Beware of Greeks bearing entanglement? Quantum covert channels, information flow and non-local games

TL;DR

This paper demonstrates that quantum entanglement can enhance the capacity of classical covert channels under active adversaries, introduces an algorithm to bound this capacity, and explores the undecidability of the problem.

Contribution

It reveals that entanglement can increase classical covert channel capacity and provides a semi-definite hierarchy-based method to bound this capacity.

Findings

Entanglement can increase classical covert channel capacity.

Zero-capacity channels are not improved by entanglement.

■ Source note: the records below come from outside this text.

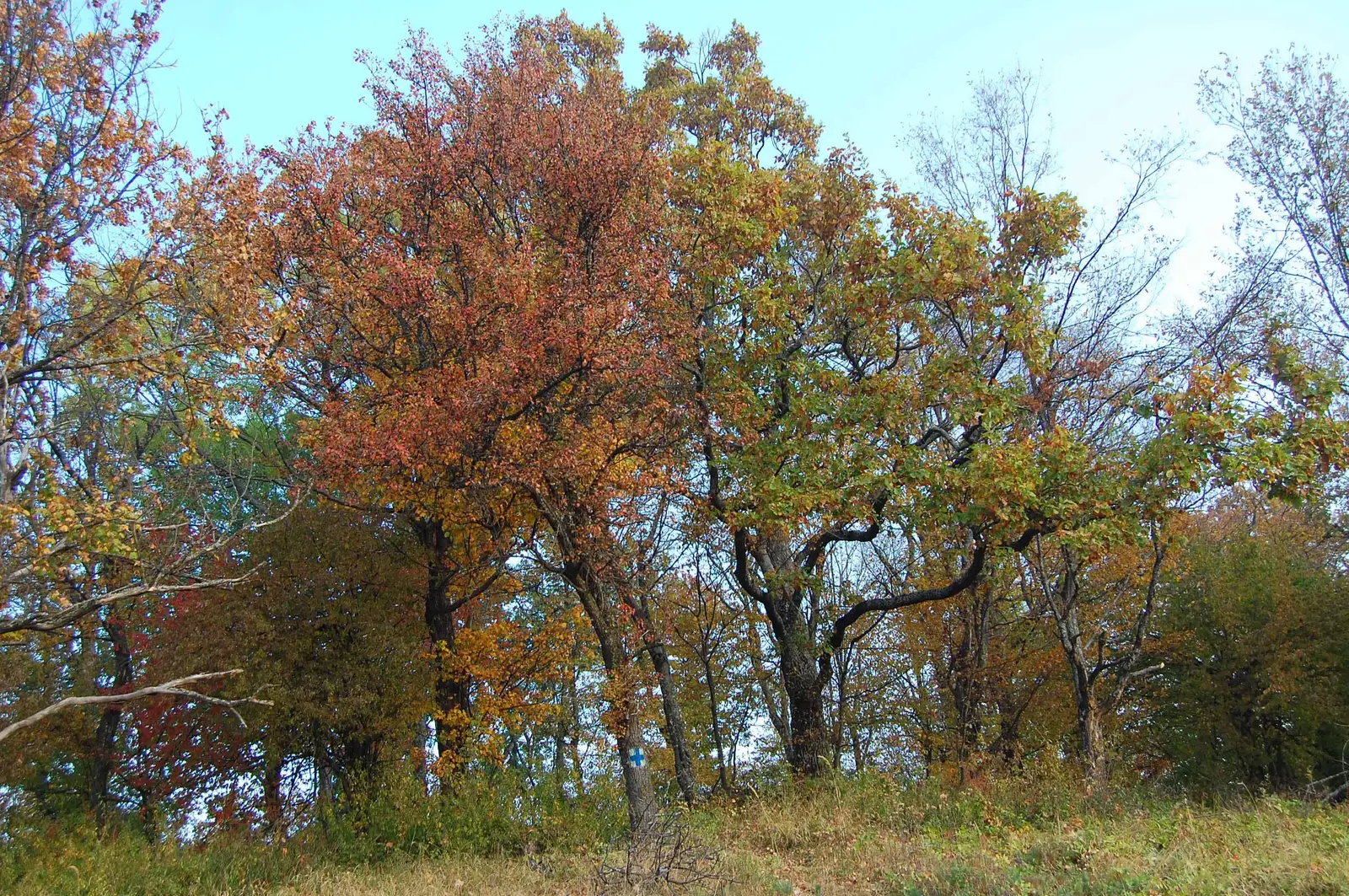 DC88 - sub Vf. Vâlcoi - DC88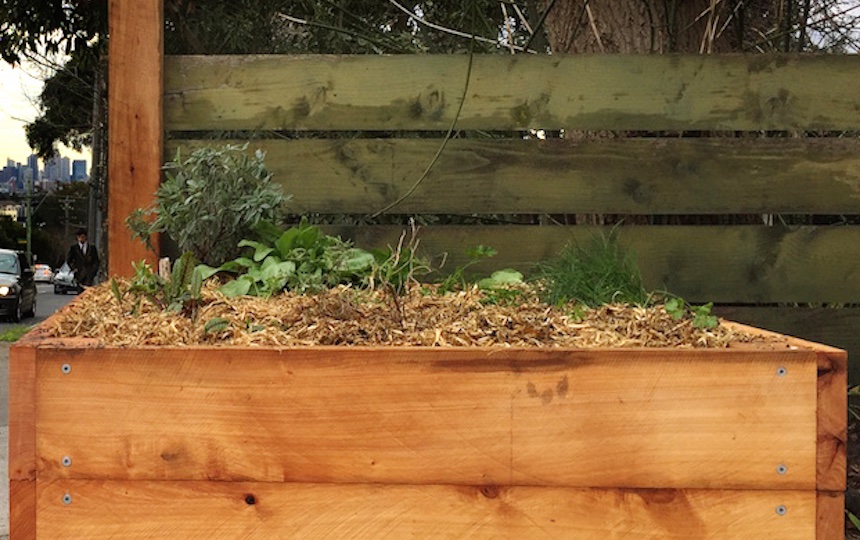 How to make a wicking bed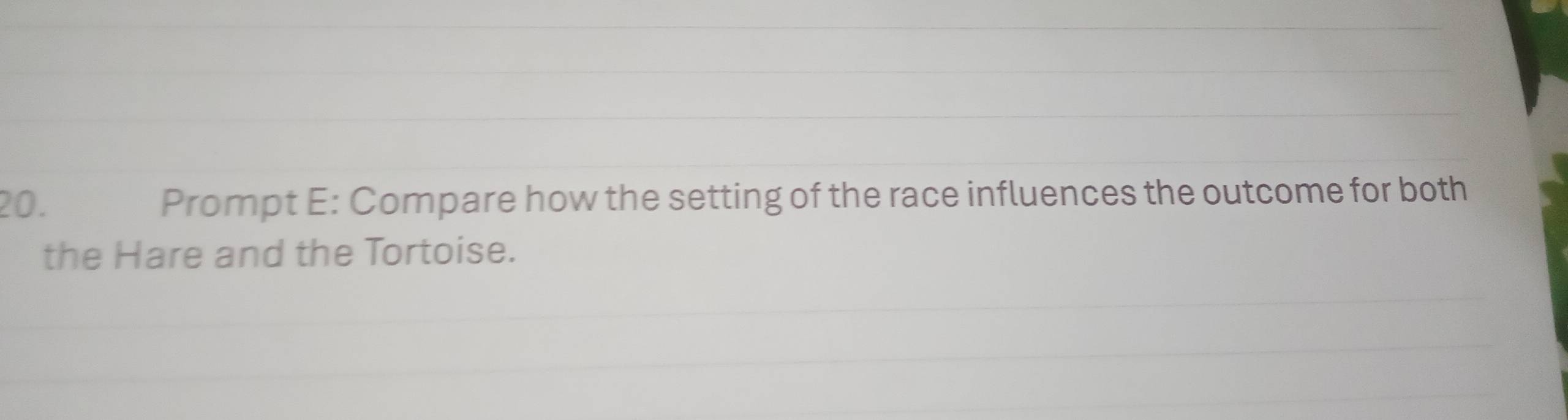 Prompt E: Compare how the setting of the race influences the outcome for both 
the Hare and the Tortoise.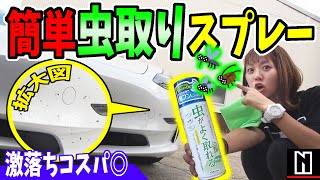 【虫取り】コスパ最強！？簡単で安価な虫取りスプレー試してみた！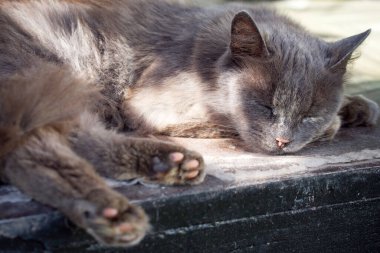 Gri tüylü evcil kedi uyuyor..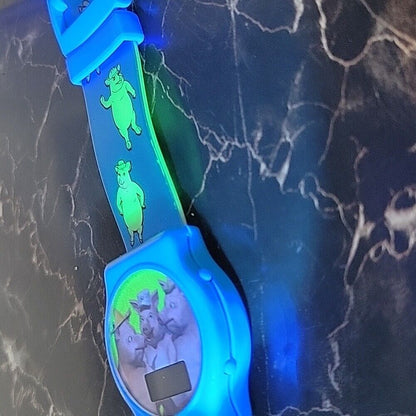 Glow In The Dark Shrek 2 Watch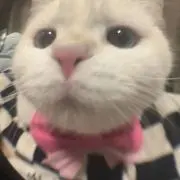 kico^ᴗ.ᴗ^♡の画像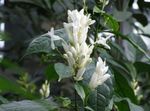 blanc des fleurs en pot Bougies Blanches, Whitefieldia, Withfieldia, Whitefeldia des arbustes, Whitfieldia Photo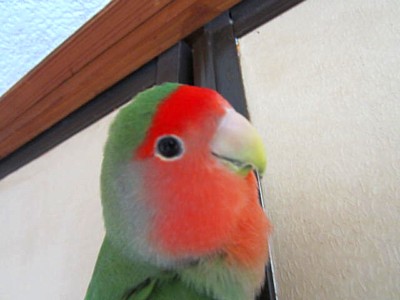 パピ軍曹 (2).JPG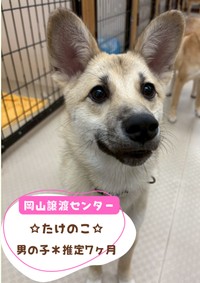 5月24日に津山市で保護犬の譲渡会　子犬からシニア犬まで7匹に会いにきて　岡山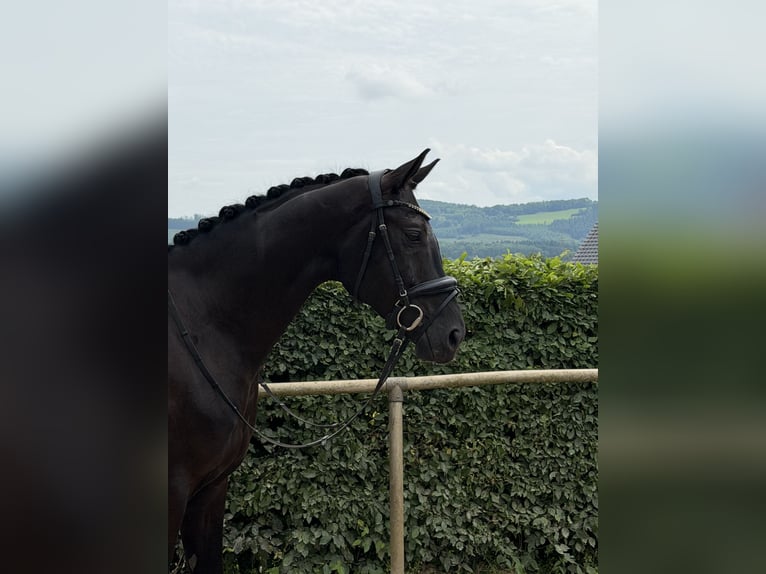 Westfale Wallach 4 Jahre 167 cm Schwarzbrauner in Attendorn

The capacity determination problem is undecidable, but an upper-bound algorithm exists.

Abstract

Can quantum entanglement increase the capacity of (classical) covert channels? To one familiar with Holevo's Theorem it is tempting to think that the answer is obviously no. However, in this work we show: quantum entanglement can in fact increase the capacity of a classical covert channel, in the presence of an active adversary; on the other hand, a zero-capacity channel is not improved by entanglement, so entanglement cannot create `purely quantum' covert channels; the problem of determining the capacity of a given channel in the presence of entanglement is undecidable; but there is an algorithm to bound the entangled capacity of a channel from above, adapted from the semi-definite hierarchy from the theory of non-local games, whose close connection to channel capacity is at the core of all of our results.